#### [Prompt]
Within the listing below, please copy exactly the lines between the line holding "The Tower - Tarot in Ukiyo-e Style" and the line holding "The Corporate Underdog", inclusive.

#### [Given data]
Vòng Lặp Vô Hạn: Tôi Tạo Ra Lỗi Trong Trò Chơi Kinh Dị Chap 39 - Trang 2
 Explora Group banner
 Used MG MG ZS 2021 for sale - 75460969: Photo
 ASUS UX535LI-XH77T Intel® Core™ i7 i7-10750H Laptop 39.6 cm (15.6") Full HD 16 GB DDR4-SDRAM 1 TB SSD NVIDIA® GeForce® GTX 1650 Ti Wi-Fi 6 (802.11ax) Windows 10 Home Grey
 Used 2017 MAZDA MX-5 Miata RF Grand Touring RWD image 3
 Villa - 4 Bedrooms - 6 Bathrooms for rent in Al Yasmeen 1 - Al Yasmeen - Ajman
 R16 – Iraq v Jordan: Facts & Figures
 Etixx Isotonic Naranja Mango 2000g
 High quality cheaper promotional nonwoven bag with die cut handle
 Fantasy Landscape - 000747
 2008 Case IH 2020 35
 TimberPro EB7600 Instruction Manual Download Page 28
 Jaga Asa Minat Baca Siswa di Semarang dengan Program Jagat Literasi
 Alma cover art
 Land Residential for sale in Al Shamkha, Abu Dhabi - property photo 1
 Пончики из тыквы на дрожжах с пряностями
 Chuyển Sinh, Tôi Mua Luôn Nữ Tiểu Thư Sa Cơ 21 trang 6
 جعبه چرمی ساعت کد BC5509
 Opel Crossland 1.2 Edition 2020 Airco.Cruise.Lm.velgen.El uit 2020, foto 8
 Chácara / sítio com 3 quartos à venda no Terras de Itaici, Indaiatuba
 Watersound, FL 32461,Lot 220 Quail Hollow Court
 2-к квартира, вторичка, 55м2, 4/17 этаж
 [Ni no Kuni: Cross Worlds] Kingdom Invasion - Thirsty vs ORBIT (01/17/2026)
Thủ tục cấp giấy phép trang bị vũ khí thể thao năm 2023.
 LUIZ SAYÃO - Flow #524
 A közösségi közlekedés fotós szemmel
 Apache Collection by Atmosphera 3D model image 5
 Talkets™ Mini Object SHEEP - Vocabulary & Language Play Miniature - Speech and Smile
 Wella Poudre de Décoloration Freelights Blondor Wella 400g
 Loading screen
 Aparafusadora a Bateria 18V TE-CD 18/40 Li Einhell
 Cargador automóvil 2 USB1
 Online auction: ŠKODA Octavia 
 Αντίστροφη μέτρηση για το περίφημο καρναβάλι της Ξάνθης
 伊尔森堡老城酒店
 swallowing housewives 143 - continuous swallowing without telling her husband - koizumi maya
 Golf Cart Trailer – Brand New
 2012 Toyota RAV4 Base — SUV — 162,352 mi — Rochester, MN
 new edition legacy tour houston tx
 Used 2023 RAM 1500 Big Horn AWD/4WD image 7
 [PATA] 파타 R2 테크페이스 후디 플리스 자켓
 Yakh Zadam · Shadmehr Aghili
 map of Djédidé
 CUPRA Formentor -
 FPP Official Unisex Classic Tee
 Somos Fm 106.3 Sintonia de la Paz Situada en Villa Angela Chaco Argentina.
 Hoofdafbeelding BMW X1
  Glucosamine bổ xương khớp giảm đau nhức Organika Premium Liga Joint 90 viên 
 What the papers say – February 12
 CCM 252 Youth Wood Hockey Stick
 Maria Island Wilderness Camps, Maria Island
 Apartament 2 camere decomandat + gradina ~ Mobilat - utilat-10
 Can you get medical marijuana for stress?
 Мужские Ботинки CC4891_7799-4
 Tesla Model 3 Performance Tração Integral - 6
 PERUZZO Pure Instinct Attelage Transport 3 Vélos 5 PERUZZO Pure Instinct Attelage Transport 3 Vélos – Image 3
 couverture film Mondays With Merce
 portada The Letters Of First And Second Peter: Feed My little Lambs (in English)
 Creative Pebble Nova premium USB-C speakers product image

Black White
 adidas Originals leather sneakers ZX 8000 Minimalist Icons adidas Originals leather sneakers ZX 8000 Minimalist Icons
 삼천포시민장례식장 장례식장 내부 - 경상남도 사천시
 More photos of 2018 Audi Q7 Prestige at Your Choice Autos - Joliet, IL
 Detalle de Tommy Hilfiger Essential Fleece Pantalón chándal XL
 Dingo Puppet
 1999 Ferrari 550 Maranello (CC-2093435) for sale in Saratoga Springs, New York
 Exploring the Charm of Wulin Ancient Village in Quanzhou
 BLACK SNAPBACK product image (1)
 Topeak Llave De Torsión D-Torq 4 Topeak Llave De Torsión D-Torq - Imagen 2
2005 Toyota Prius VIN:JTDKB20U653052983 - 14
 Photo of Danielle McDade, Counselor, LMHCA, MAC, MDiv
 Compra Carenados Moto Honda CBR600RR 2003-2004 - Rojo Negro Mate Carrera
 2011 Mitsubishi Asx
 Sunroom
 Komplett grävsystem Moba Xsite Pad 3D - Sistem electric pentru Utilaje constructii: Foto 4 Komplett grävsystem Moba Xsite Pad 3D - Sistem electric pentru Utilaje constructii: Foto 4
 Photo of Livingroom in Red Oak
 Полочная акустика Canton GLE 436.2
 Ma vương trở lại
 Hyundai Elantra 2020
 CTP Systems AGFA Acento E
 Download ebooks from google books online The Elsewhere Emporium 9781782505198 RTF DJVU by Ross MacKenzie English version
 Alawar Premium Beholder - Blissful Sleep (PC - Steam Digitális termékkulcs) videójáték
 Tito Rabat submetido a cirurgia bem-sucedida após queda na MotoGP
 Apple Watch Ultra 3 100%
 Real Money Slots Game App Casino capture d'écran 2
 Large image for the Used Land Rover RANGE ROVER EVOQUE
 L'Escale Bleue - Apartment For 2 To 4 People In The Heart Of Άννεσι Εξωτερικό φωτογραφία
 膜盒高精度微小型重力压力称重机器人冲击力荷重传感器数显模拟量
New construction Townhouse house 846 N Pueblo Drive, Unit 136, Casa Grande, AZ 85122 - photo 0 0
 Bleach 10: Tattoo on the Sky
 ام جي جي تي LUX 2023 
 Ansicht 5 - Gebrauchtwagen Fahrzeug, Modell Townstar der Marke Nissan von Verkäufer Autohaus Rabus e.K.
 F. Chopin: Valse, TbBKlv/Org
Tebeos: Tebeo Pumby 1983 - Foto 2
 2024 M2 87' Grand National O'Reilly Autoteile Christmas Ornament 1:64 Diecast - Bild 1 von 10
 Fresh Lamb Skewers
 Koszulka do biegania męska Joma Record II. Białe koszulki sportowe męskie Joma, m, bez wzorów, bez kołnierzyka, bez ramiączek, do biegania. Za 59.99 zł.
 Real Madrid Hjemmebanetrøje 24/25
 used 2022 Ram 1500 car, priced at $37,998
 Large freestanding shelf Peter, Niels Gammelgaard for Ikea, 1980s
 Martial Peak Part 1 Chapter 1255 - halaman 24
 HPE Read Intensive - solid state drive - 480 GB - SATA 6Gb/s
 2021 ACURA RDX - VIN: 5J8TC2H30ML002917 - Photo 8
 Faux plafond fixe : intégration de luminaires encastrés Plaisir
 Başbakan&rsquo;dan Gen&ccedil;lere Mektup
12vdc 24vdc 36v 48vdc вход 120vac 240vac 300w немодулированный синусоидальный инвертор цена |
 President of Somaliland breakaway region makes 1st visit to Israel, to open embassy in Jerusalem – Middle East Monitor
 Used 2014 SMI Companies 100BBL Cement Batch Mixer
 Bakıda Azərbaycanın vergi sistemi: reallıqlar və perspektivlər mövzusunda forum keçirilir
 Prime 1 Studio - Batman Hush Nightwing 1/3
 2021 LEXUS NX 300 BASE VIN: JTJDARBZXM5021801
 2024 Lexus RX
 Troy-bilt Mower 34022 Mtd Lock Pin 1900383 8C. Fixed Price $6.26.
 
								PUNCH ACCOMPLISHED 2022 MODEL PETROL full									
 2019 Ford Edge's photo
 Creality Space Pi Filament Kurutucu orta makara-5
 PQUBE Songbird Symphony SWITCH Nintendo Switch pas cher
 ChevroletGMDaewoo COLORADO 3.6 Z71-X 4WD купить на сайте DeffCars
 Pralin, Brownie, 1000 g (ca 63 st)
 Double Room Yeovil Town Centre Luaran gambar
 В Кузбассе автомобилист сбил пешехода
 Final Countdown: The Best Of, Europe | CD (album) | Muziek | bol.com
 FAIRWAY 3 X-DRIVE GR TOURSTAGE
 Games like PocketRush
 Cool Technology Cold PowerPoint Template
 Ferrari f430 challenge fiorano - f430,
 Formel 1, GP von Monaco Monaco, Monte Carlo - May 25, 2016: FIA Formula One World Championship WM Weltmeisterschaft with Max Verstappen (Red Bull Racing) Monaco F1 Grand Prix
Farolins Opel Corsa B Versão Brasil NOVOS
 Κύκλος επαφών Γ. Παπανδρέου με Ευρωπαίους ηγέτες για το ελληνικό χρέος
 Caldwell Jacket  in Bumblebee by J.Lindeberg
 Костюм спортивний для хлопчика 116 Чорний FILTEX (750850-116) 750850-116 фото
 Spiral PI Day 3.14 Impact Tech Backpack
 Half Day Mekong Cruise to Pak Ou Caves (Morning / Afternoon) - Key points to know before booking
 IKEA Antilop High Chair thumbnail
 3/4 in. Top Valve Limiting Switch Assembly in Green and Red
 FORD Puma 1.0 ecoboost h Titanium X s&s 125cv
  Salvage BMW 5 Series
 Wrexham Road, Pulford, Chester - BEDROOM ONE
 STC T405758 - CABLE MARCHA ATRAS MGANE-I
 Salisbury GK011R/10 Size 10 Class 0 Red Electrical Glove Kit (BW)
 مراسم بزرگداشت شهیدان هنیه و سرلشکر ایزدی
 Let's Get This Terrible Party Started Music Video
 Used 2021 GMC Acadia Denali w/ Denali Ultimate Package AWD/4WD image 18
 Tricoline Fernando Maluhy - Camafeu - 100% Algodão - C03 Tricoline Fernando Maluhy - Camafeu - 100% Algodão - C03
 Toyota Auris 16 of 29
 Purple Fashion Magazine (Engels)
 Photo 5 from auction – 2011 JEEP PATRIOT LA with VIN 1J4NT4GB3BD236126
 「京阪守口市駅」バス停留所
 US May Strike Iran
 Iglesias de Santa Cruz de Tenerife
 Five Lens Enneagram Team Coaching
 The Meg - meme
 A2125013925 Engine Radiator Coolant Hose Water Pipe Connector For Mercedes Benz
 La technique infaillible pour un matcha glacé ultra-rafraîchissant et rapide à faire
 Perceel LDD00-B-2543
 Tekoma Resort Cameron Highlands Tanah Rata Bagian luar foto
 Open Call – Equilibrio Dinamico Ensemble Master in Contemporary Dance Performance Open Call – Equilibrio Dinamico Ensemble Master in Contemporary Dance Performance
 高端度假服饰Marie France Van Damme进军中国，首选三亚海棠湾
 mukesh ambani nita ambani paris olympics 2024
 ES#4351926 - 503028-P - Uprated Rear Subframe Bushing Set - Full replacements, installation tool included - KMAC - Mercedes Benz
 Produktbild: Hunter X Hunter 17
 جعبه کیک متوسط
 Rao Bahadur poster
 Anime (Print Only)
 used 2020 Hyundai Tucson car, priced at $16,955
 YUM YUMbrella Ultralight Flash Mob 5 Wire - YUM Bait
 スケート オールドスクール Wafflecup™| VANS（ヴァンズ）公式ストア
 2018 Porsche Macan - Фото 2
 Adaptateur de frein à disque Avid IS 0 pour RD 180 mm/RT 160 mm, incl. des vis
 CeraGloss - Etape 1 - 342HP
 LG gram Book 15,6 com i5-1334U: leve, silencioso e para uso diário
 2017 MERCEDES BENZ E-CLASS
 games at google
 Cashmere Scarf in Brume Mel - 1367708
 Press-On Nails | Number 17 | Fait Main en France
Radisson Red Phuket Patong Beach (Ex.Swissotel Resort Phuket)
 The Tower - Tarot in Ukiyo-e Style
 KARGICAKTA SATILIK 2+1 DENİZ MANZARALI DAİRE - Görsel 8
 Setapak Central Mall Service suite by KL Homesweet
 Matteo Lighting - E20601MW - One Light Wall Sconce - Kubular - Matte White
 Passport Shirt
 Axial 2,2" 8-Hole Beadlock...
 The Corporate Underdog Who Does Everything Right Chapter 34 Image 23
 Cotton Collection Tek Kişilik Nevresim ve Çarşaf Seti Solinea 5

#### [Answer section]
 The Tower - Tarot in Ukiyo-e Style
 KARGICAKTA SATILIK 2+1 DENİZ MANZARALI DAİRE - Görsel 8
 Setapak Central Mall Service suite by KL Homesweet
 Matteo Lighting - E20601MW - One Light Wall Sconce - Kubular - Matte White
 Passport Shirt
 Axial 2,2" 8-Hole Beadlock...
 The Corporate Underdog Who Does Everything Right Chapter 34 Image 23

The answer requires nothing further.